ARC also visited six detention centers and interviewed almost 70 parents for the report. Nineteen had children in foster care, and many more said they feared that their children “might enter foster care because the child welfare system might decide that their children are not safe with their current caregiver or that the caregiver is too poor to support them,” according to the report.
“Immigration status in itself has become grounds to permanently separate families,” said Roybal-Allard, who was born in the Boyle Heights neighborhood of Los Angeles, for decades an historic landing spot for immigrant families. “This is absolutely, unquestionably inhumane and unacceptable – particularly for a country that values family and fairness so highly.”
The Help Separated Families Act would amend Title IV-E of the Social Security Act, under which states receive matching funds through an entitlement that exceeds $6 billion each year. The changes would address four central issues:
-Child welfare standards at the state and county level must ensure that “the Immigration status alone of a parent, legal guardian, or relative shall not disqualify the parent, legal guardian, or relative from being a placement for a child.”
-Child welfare officials may not question the immigration status of any relatives seeking to have a child placed with them, “except to the extent necessary in determining eligibility for relevant services or programs.”
-Officials must accept legitimate foreign documents – such as a passport or consulate card – as sufficient identification with which to conduct a criminal background check.
Roybal-Allard included this in the legislation after learning that many caseworkers and attorneys mistakenly believe it is impossible to check a criminal history without the use of a Social Security number.

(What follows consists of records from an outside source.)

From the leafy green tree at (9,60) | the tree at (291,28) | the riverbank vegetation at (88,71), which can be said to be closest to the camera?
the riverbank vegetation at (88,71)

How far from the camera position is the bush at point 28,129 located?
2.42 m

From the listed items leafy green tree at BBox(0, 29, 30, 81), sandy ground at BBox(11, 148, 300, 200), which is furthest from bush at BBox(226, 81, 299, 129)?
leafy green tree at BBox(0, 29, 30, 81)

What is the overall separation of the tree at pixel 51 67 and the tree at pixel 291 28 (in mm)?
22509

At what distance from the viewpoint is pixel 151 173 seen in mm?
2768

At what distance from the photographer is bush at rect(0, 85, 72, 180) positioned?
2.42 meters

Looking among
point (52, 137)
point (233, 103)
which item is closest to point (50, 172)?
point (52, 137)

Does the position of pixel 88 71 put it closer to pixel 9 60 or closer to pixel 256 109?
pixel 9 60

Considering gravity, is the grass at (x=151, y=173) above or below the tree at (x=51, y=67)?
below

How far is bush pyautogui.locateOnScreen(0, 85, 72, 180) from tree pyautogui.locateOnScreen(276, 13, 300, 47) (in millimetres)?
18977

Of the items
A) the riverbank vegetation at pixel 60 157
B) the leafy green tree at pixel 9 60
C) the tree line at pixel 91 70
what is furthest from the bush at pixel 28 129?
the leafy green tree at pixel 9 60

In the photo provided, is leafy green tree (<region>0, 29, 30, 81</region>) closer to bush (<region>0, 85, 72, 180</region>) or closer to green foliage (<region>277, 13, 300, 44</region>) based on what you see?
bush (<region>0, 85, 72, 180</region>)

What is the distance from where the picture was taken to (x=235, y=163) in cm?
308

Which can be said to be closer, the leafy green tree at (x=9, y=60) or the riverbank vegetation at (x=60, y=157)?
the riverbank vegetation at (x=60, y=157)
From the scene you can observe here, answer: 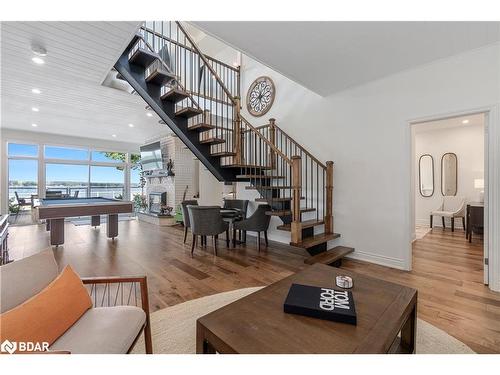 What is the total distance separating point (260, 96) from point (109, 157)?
671 centimetres

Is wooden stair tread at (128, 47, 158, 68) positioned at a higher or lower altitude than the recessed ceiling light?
higher

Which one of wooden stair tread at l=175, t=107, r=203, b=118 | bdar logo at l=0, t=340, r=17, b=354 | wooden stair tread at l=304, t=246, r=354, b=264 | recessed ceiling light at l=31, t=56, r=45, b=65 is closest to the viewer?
bdar logo at l=0, t=340, r=17, b=354

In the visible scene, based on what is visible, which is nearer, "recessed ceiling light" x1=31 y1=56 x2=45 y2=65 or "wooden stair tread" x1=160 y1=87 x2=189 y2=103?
"recessed ceiling light" x1=31 y1=56 x2=45 y2=65

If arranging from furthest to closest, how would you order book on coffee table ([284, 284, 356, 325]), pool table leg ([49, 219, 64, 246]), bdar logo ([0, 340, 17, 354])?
pool table leg ([49, 219, 64, 246]), book on coffee table ([284, 284, 356, 325]), bdar logo ([0, 340, 17, 354])

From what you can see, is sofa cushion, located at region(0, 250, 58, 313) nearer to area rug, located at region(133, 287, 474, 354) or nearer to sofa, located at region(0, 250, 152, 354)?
sofa, located at region(0, 250, 152, 354)

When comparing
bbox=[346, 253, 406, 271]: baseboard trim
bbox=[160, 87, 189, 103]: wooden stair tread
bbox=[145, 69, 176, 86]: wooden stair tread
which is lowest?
bbox=[346, 253, 406, 271]: baseboard trim

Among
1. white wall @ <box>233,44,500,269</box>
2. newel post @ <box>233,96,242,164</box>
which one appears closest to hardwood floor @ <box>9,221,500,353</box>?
white wall @ <box>233,44,500,269</box>

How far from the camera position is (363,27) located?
227 cm

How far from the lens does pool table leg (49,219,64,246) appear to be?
4.22 meters

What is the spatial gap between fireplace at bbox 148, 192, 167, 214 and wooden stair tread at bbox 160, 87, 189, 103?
14.2ft

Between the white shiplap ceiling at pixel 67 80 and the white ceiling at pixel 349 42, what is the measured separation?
1.25 meters

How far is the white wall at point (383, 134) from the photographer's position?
2.72m

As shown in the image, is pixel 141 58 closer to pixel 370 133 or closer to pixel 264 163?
pixel 264 163

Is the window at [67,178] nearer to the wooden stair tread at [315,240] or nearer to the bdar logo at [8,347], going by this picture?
the wooden stair tread at [315,240]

-Child welfare agencies may not file petitions to terminate the rights of parents “based on the removal of the parent from the United States or the involvement of the parent in an immigration proceeding,” including one leading to detention. The only exceptions to this would be if the agency could demonstrate to a judge that the “parent is unfit or unwilling to be a parent of the child,” or if it can demonstrate that is has exhaustively sought family members inside and outside the United States to care for the child.
The requirements would take effect on the first of the day of the state fiscal year the followed a president’s signature on the law, unless a state demonstrated the need to pass legislation to comply with it.